-- PROVIDED DATA follows --

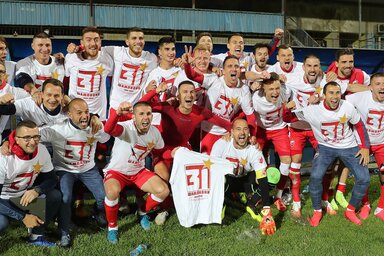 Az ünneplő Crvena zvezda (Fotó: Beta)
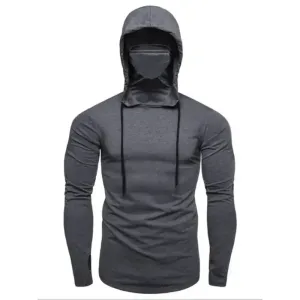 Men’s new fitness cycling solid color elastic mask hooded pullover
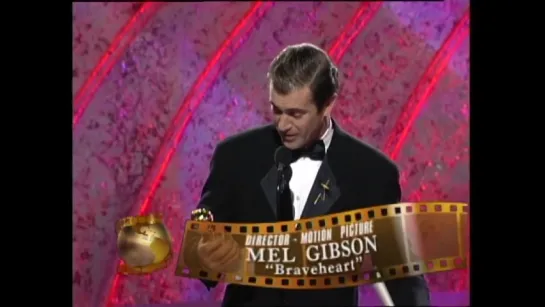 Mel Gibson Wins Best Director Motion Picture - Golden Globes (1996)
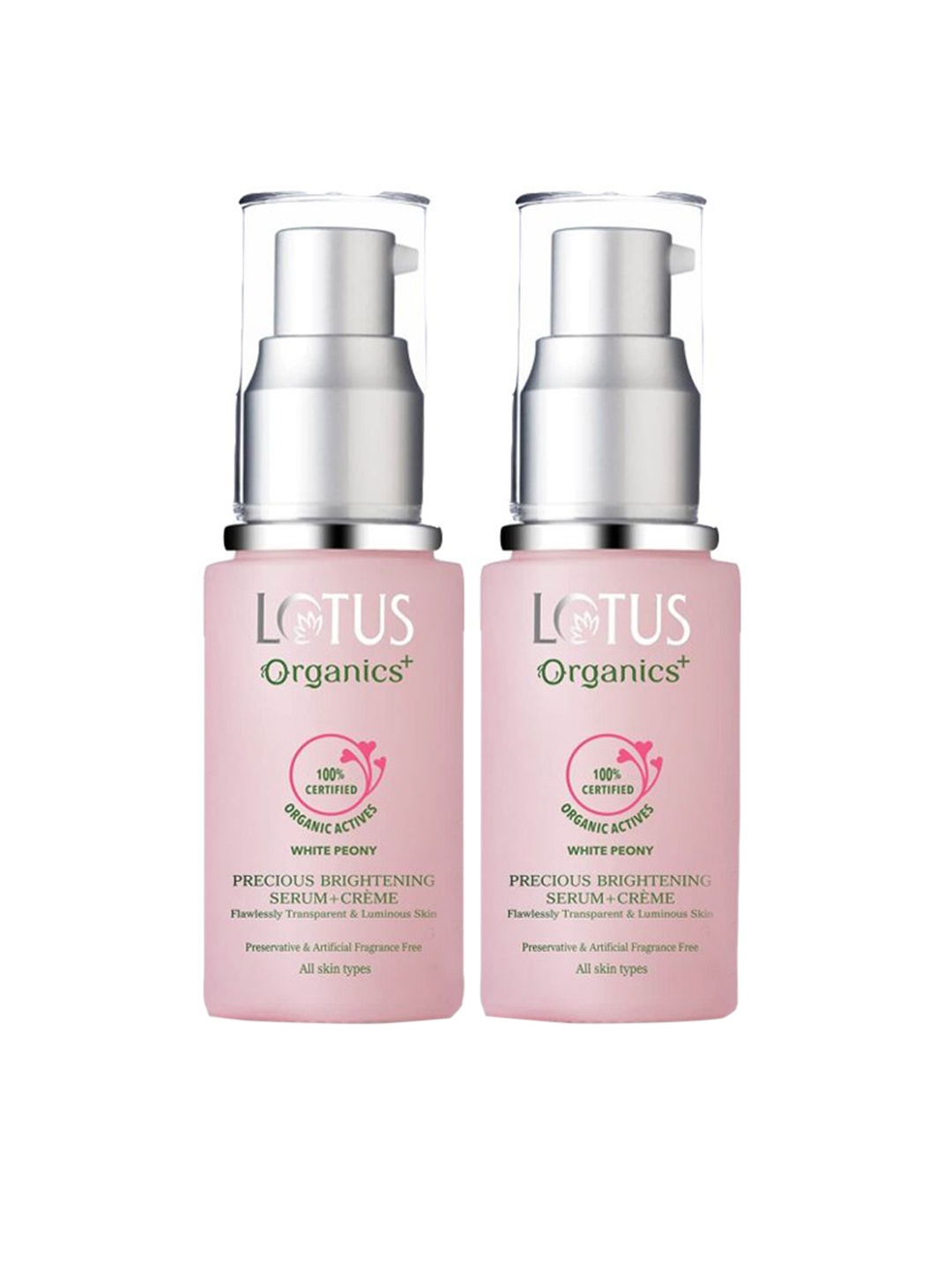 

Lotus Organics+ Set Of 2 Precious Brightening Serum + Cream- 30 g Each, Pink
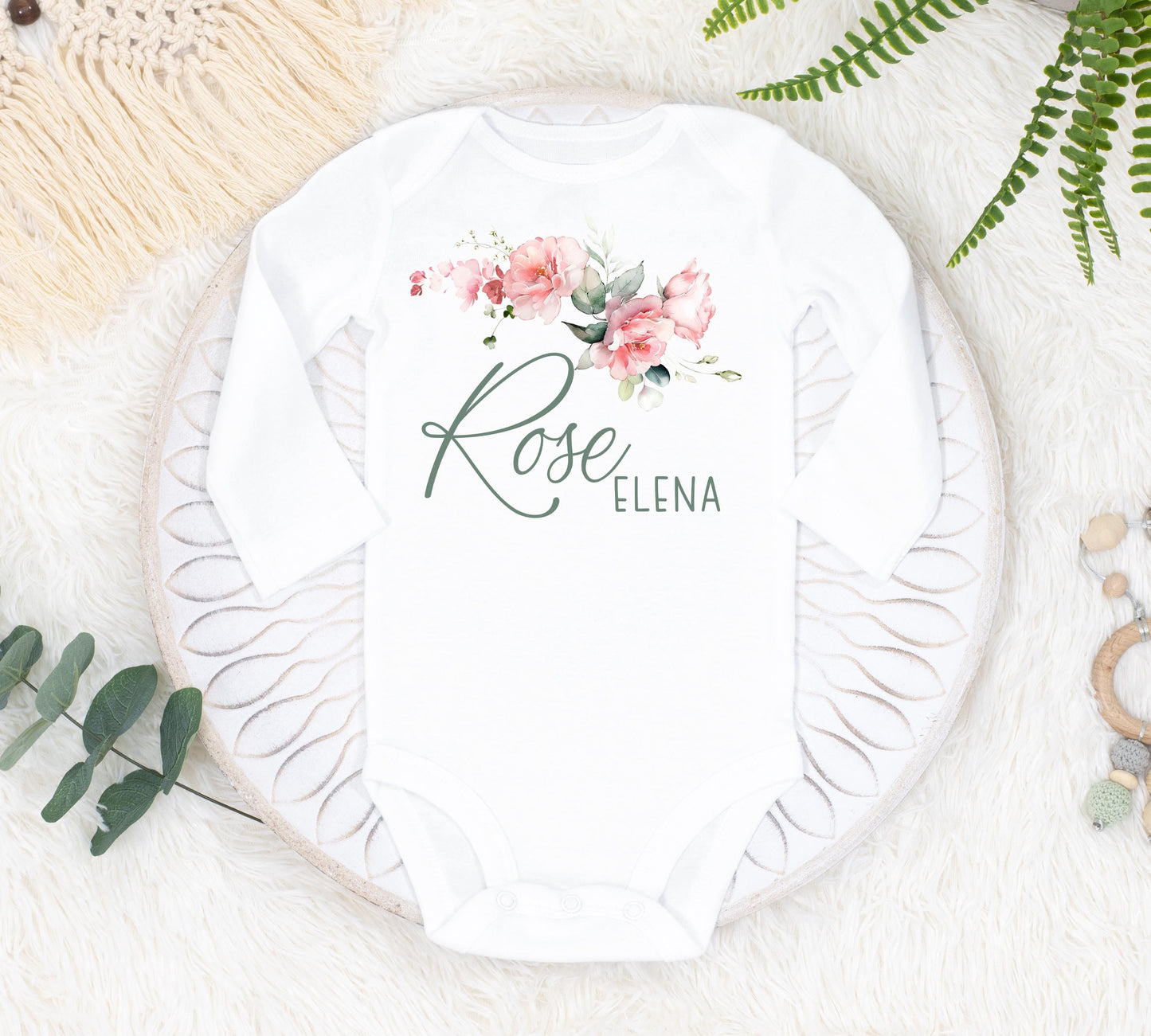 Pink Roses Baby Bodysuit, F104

-- PROVIDED DATA concluded --
-- PROVIDED DATA follows --

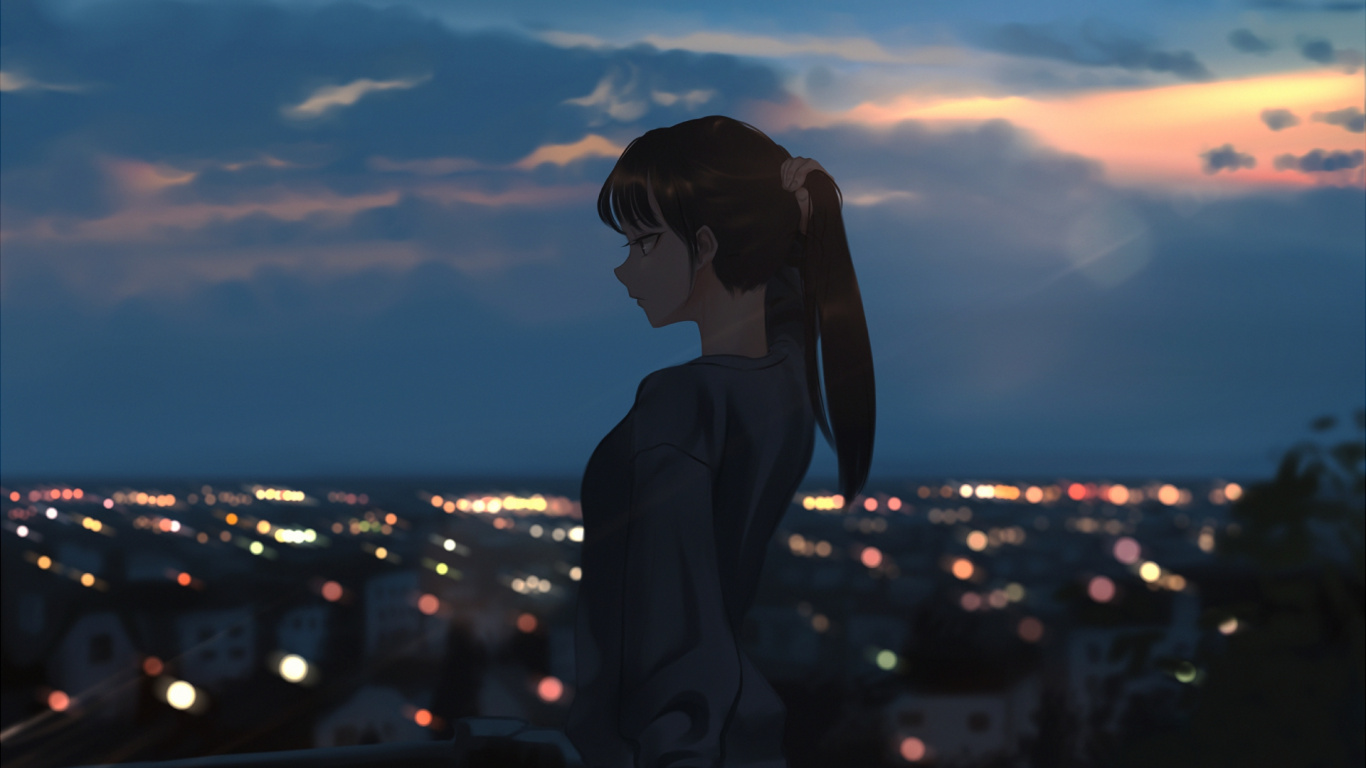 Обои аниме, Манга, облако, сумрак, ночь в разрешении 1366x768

-- PROVIDED DATA concluded --

THE PROBLEM.
Extract from the material above the stretch running from the line containing "Az ünneplő Crvena zvezda (Fotó: Beta)" through the line containing "Pink Roses Baby Bodysuit, F104". Keep the text exact and the pictures out.

ANSWER FOR THIS EXERCISE.
 Az ünneplő Crvena zvezda (Fotó: Beta)
 Men’s new fitness cycling solid color elastic mask hooded pullover
 Mel Gibson Wins Best Director Motion Picture - Golden Globes (1996)

Lotus Organics+ Set Of 2 Precious Brightening Serum + Cream- 30 g Each, Pink
 Pink Roses Baby Bodysuit, F104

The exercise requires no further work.